Dr. Kermit Gosnell littered his Philadelphia abortion clinic with cast-offs, employees barely living above the flatline, to coin a phrase. For instance, Lynda Williams was bipolar, a drug addict, and had only an eighth grade education, but she became Gosnell's “anesthesiologist.” Assistant district attorney Joanne Pescatore said Williams “was in charge of mixing the concoctions and giving the anesthesia to patients while the doctor wasn't there.” In reality, she rarely used Gosnell's cheat sheet that told her which drugs to use, but administered what she thought was necessary. None of his other employees were qualified for the positions they held.

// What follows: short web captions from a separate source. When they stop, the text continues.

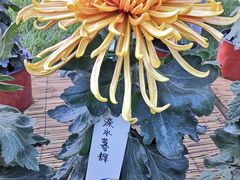 -北京植物园南门售票处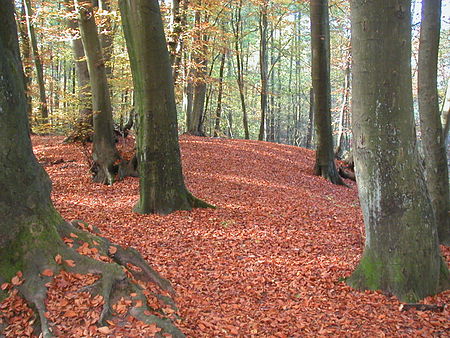 Rodenbeker Quellental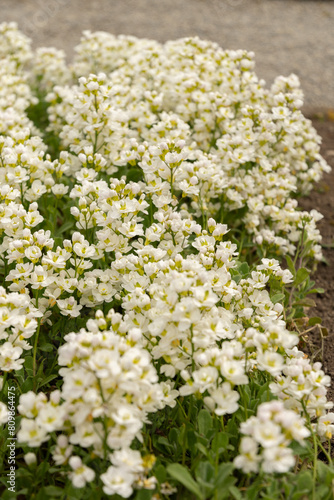 Mountain rock cress or Arabis Caucasica plant in Saint Gallen in Switzerland
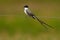 Fork-tailed Flycatcher, Tyrannus savana, black, gray and white bird with very long tail, Pantanal, Brazil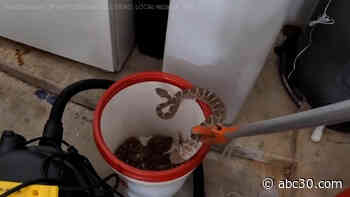 Wrangler captures 20 rattlesnakes found inside Arizona homeowner's garage: VIDEO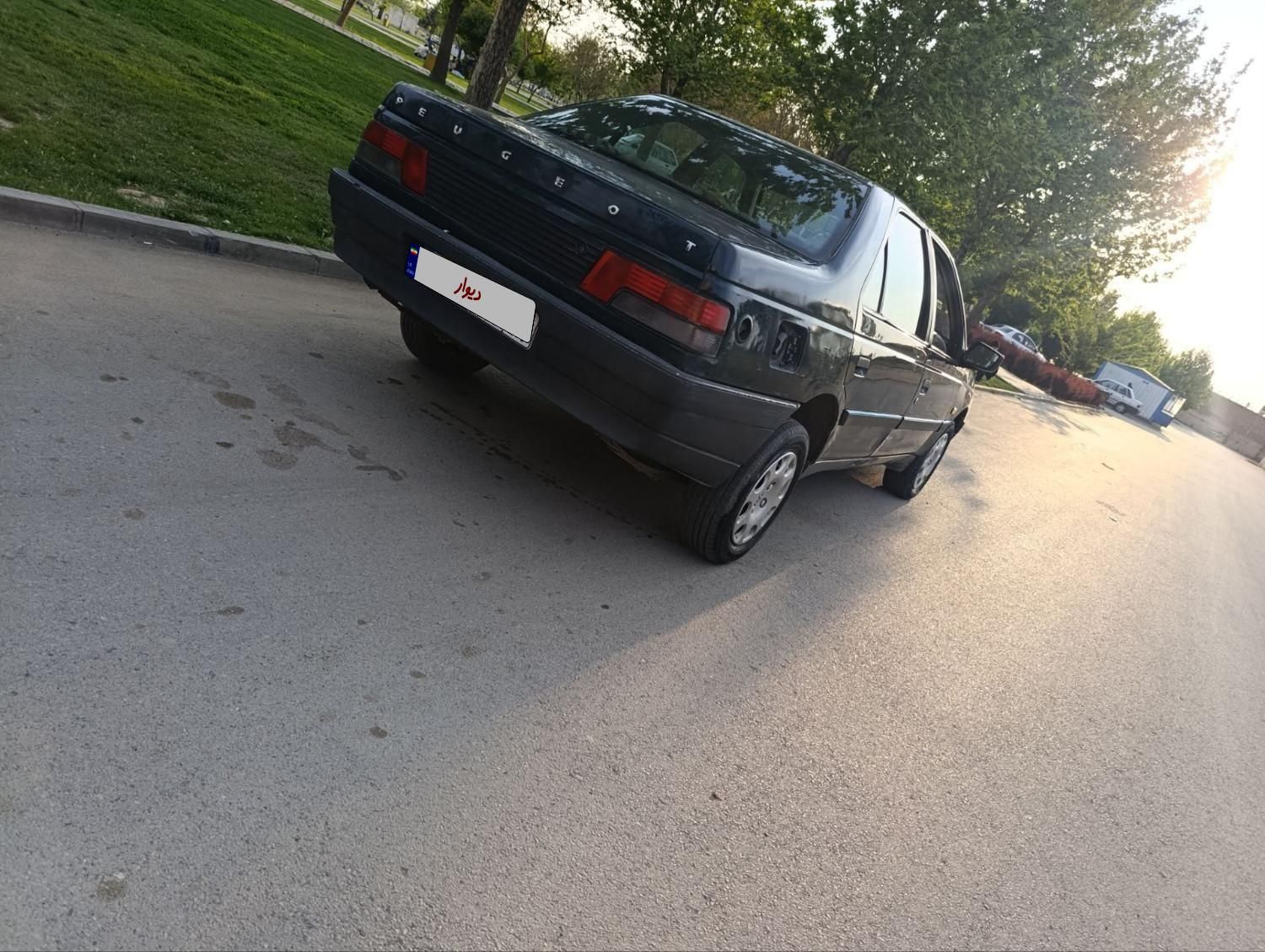 پژو آردی دوگانه سوز CNG - 1382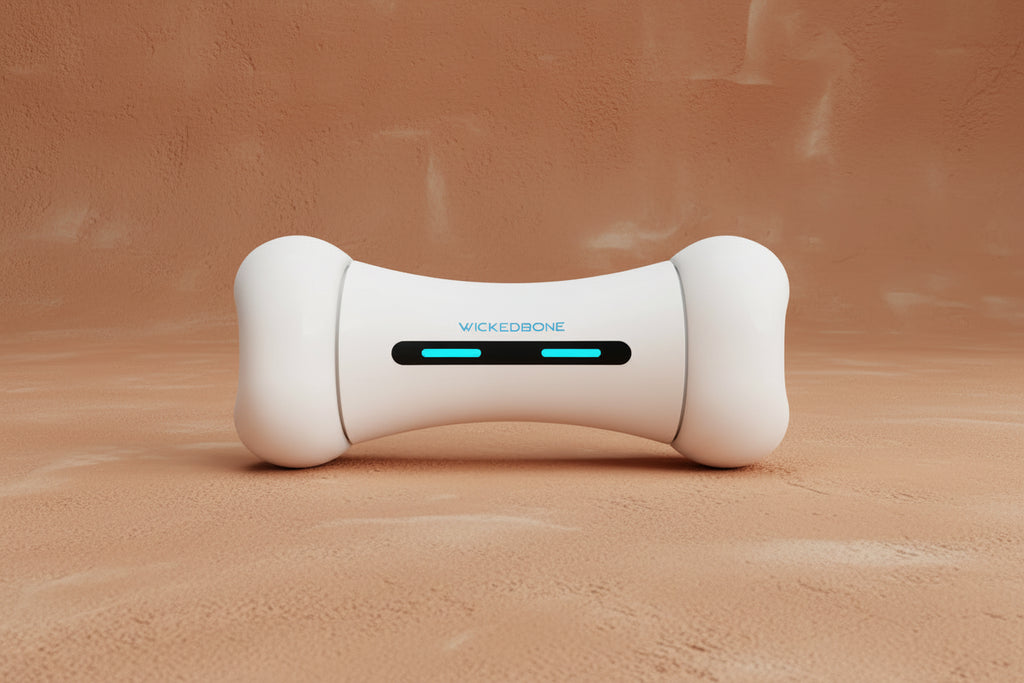 IntelliPlay Smart Bone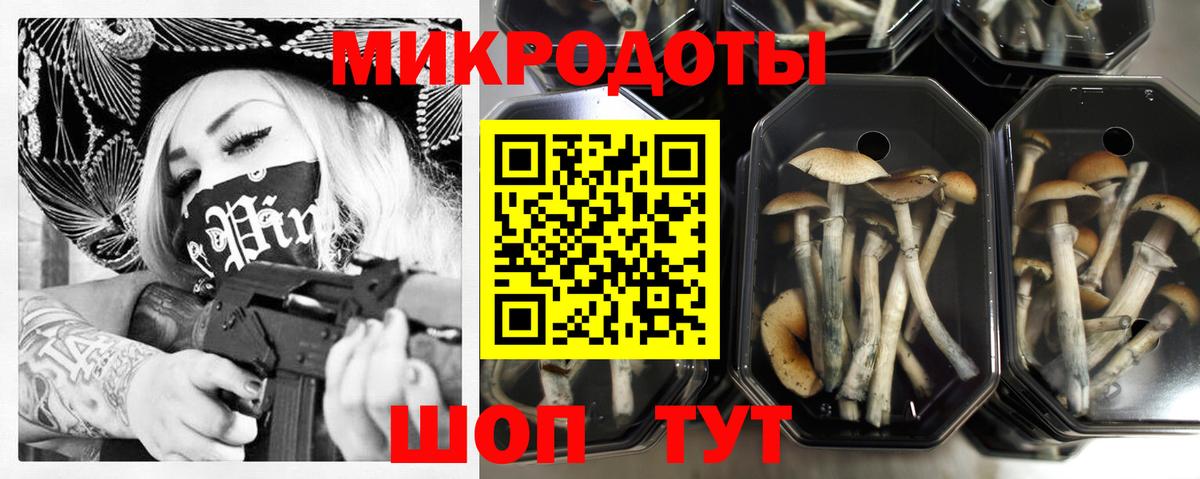 Псилоцибиновые грибы Magic Shrooms Вышний Волочёк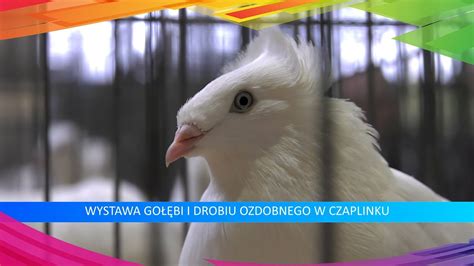 Wystawa Go Bi Rasowych I Drobiu Ozdobnego Youtube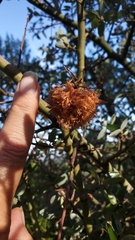 Asphondylia ceanothi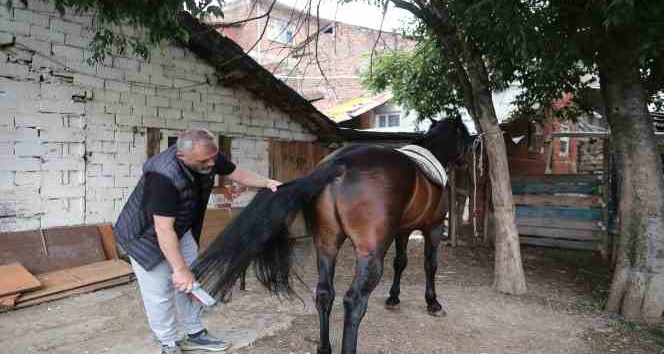(Özel) "Uludağ" isimli tay annesinin karnındayken satıldı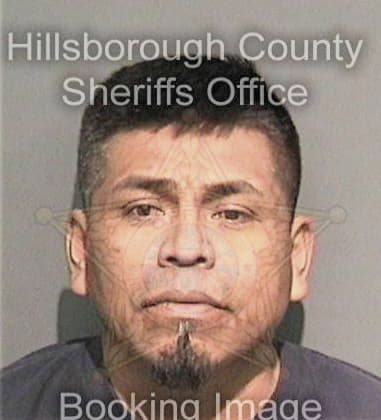 Bradley Dominguez, - Hillsborough County, FL 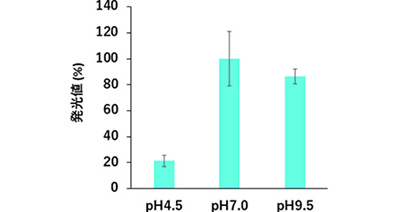 図7 pHに対するpicALuc®の発光値の変化。塩基性条件におけるpicALuc®の安定性は高い。 
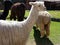 Suri Alpaca close-up in a farm in Peru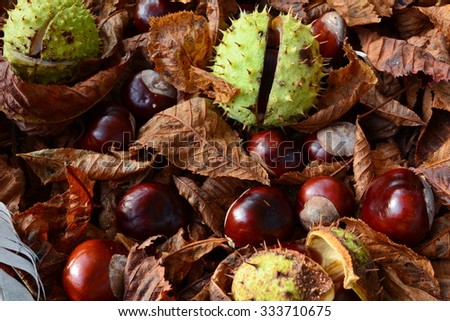 Chestnuts in leaves on the ground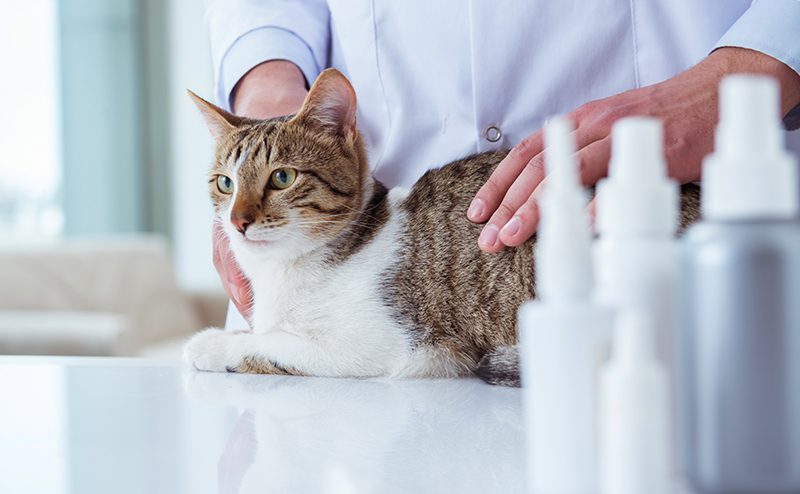 猫の便秘の診療内容とかかる治療費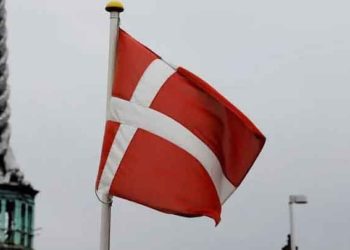 الدنمارك تعتزم استعادة 19 طفلاً من شمال شرق سوريا
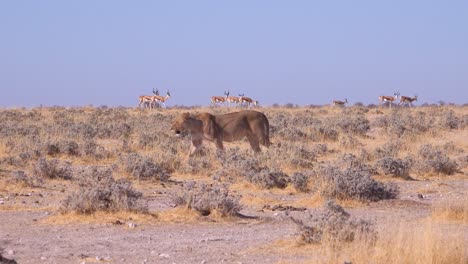 Un-León-Hembra-Caza-En-La-Llanura-De-La-Sabana-De-África-Con-Antílopes-Springbok-Alrededor-De-1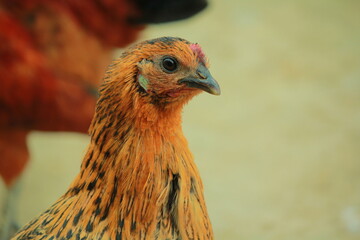 Beautiful Female Hen chicken in home vary close view in main focus in face blur background 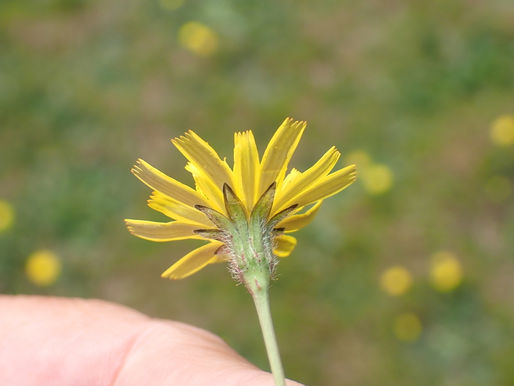Can you tell your Hawkweed from your Hawkbit? 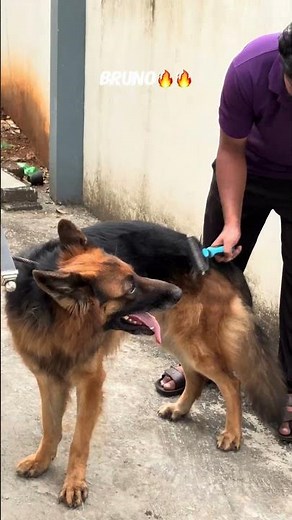home grooming service 9946921576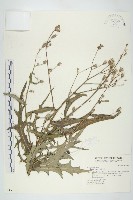 鵝仔草藏品圖，第1張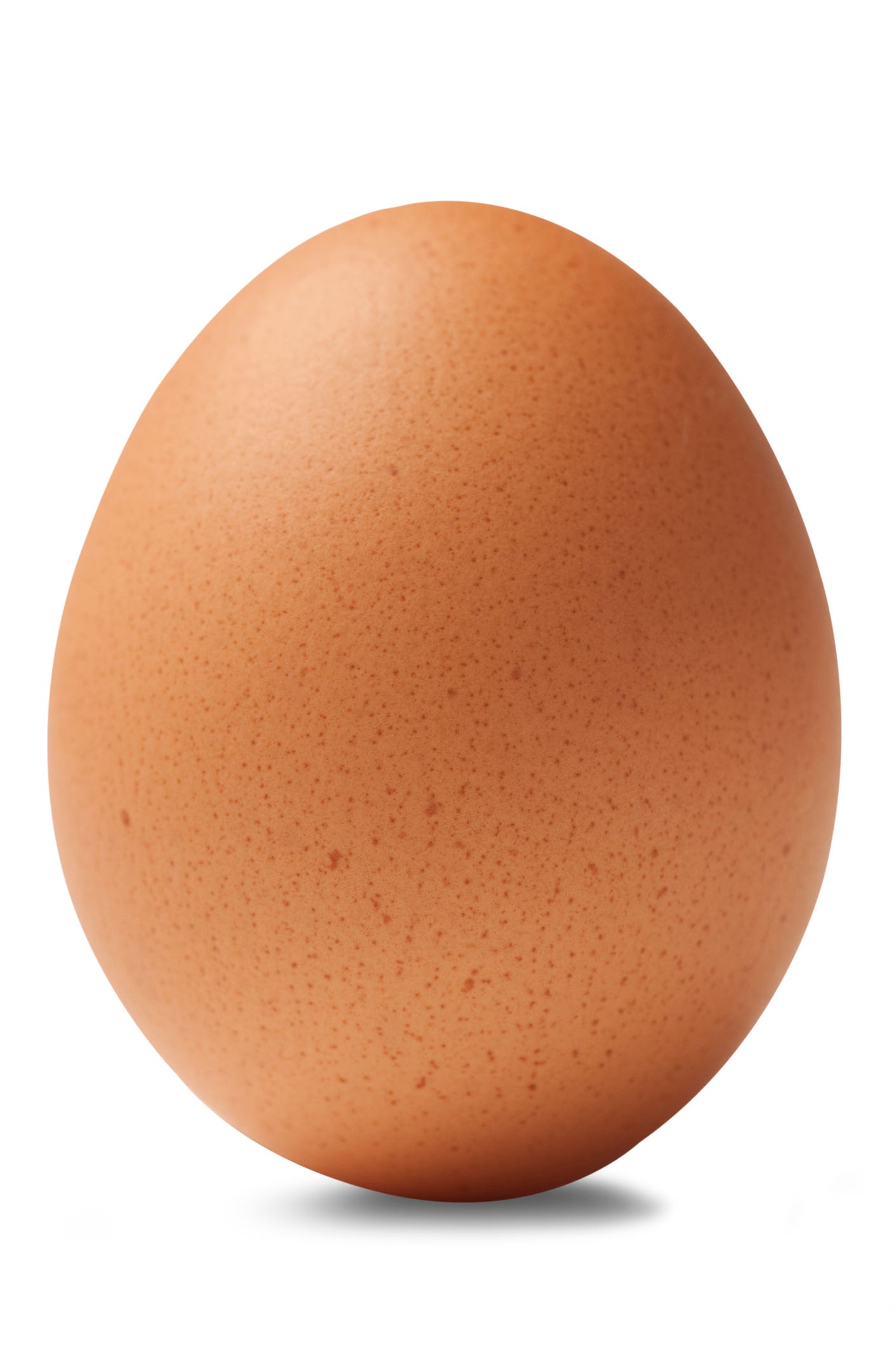 Яйцо картинка. Яйцо. Куриные яйца. Яйца кур. Яички куриные.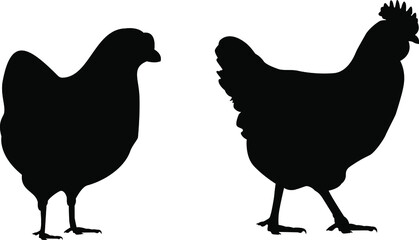 Vector chicken silhouette isolated on white background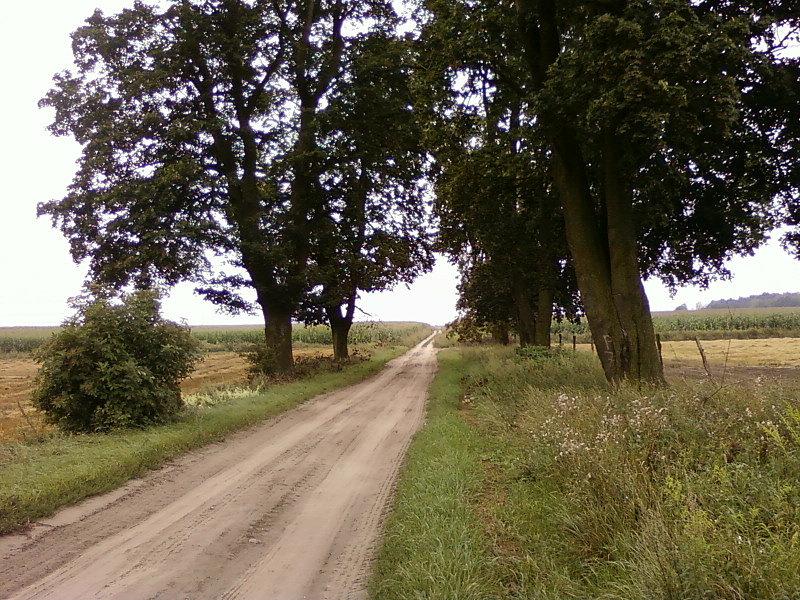 Lućmierz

This proved fatal to Mongar, an immigrant from Bhutan. Williams administered numerous doses of Demerol, anesthetics, and other drugs in an attempt to sedate the frail patient.

In addition to the Women's Medical Society abortion clinic, Gosnell ran a pill mill, selling prescription drugs to dealers. (This, in fact, was the reason for the initial criminal investigation of his clinic.) He and his staff illegally sold Xanax, OxyContin, promethazine, and Percolet to drug dealers.

When cops busted Gosnell for drug crimes, they learned that he had been killing live babies for thirty years. Because the statute of limitations for infanticide is only two years in Pennsylvania, and because he destroyed much of the evidence, Gosnell was charged with only seven murders.

As the case unfolded, Big Media attempted to ignore it. Several reporters later admitted that the crimes did not fit their “narrative.” Finally, a storm of emails, blogs from the right-wing press, and the writings of a few respected columnists persuaded the Washington Post, New York Times, CNN, and others to give in and cover the case.

After his conviction, Gosnell was sentenced to life plus 30 years in prison. Eight members of his staff received lesser sentences, including his wife, Pearl, who sometimes helped at the clinic.

Despite the sensationalistic title of the book, this is not a hastily-written pot-boiler. The authors studied thousands of pages of court documents, including the damning grand jury report. They interviewed cops, attorneys, prosecutors, some of Gosnell's employees, and even Gosnell himself. The doctor has shown no hint of remorse, and insists that history will vindicate him.

Whether you're pro-abortion or anti-abortion, I highly recommend this book.